WHAT YOU SHOULD DO →
The expected answer is a verbatim transcription of the lines below, beginning with the first and ending with the line that holds "04 Latas de", without pictures.

MATERIAL PROVIDED →
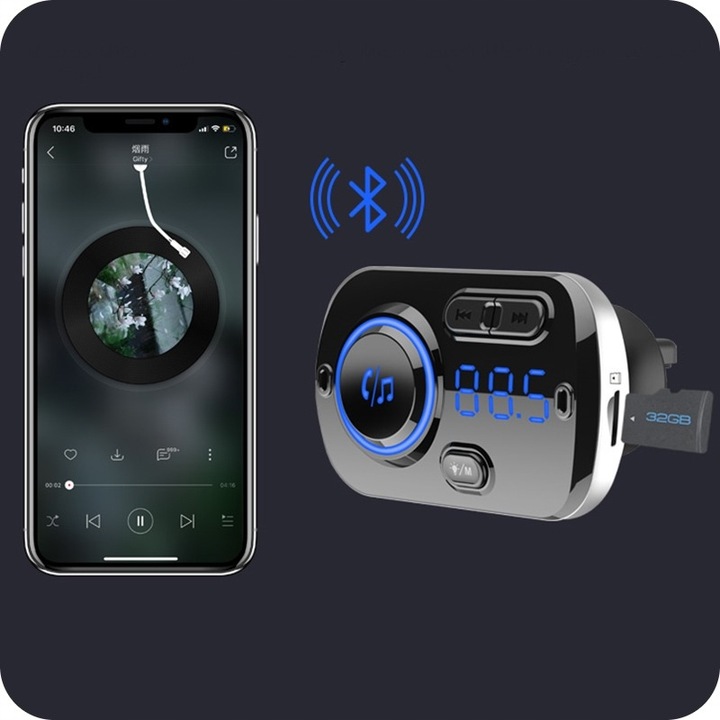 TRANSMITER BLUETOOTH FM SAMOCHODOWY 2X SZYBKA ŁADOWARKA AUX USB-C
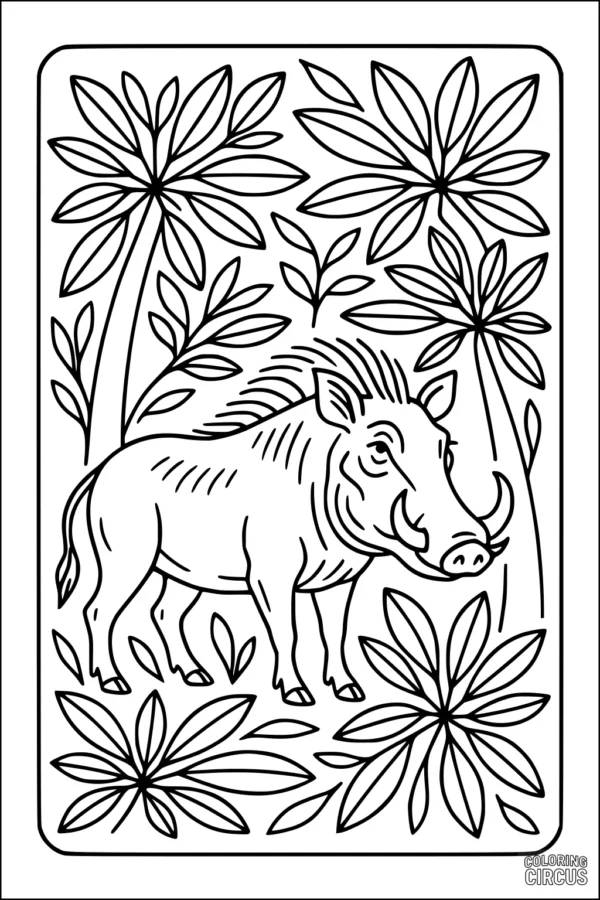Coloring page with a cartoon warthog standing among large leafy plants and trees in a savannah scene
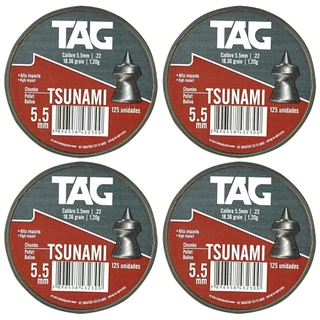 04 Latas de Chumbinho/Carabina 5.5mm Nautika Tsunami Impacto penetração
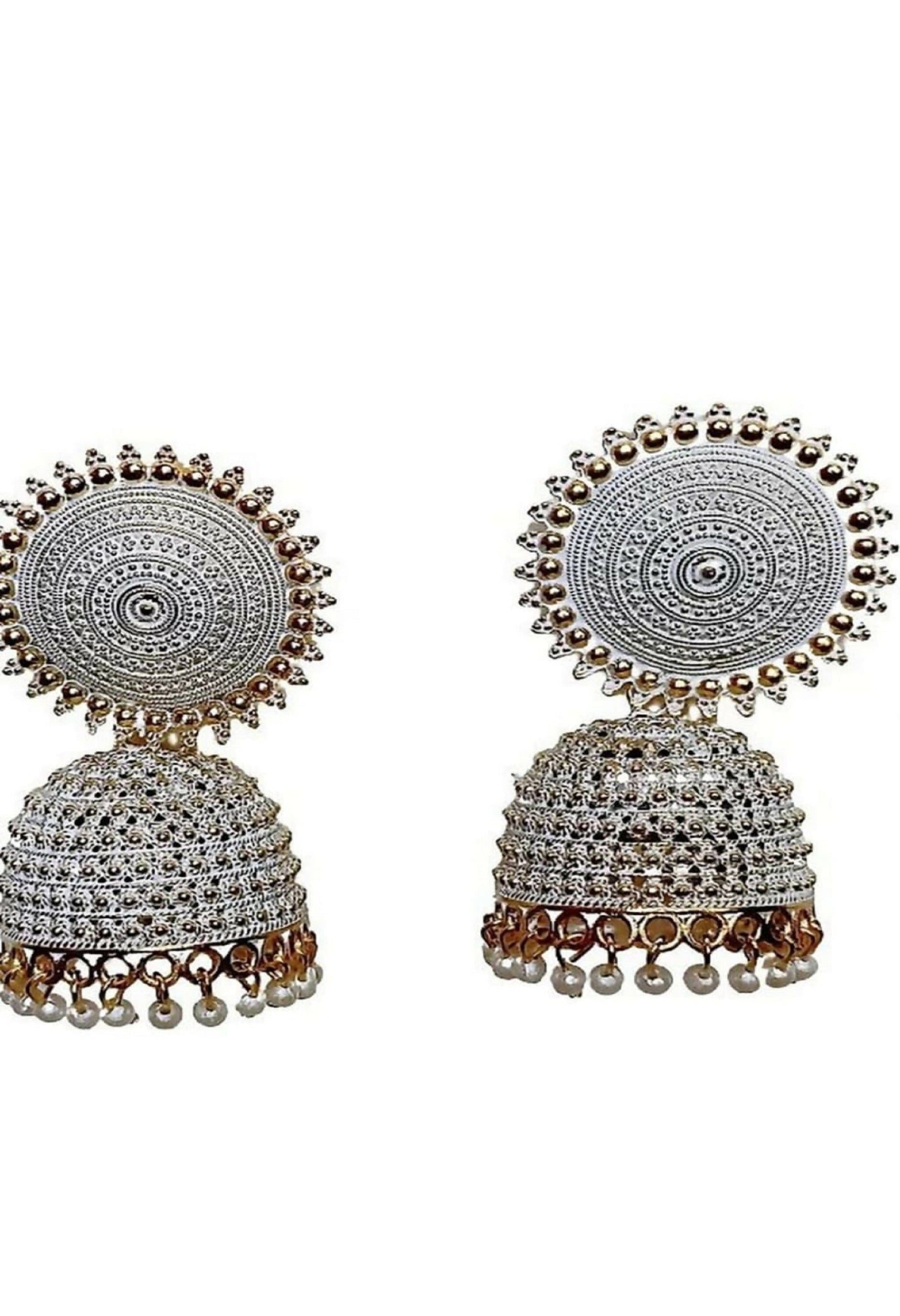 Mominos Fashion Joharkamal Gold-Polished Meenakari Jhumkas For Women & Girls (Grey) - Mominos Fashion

EXERCISE SOLUTION →
 TRANSMITER BLUETOOTH FM SAMOCHODOWY 2X SZYBKA ŁADOWARKA AUX USB-C
Coloring page with a cartoon warthog standing among large leafy plants and trees in a savannah scene
 04 Latas de Chumbinho/Carabina 5.5mm Nautika Tsunami Impacto penetração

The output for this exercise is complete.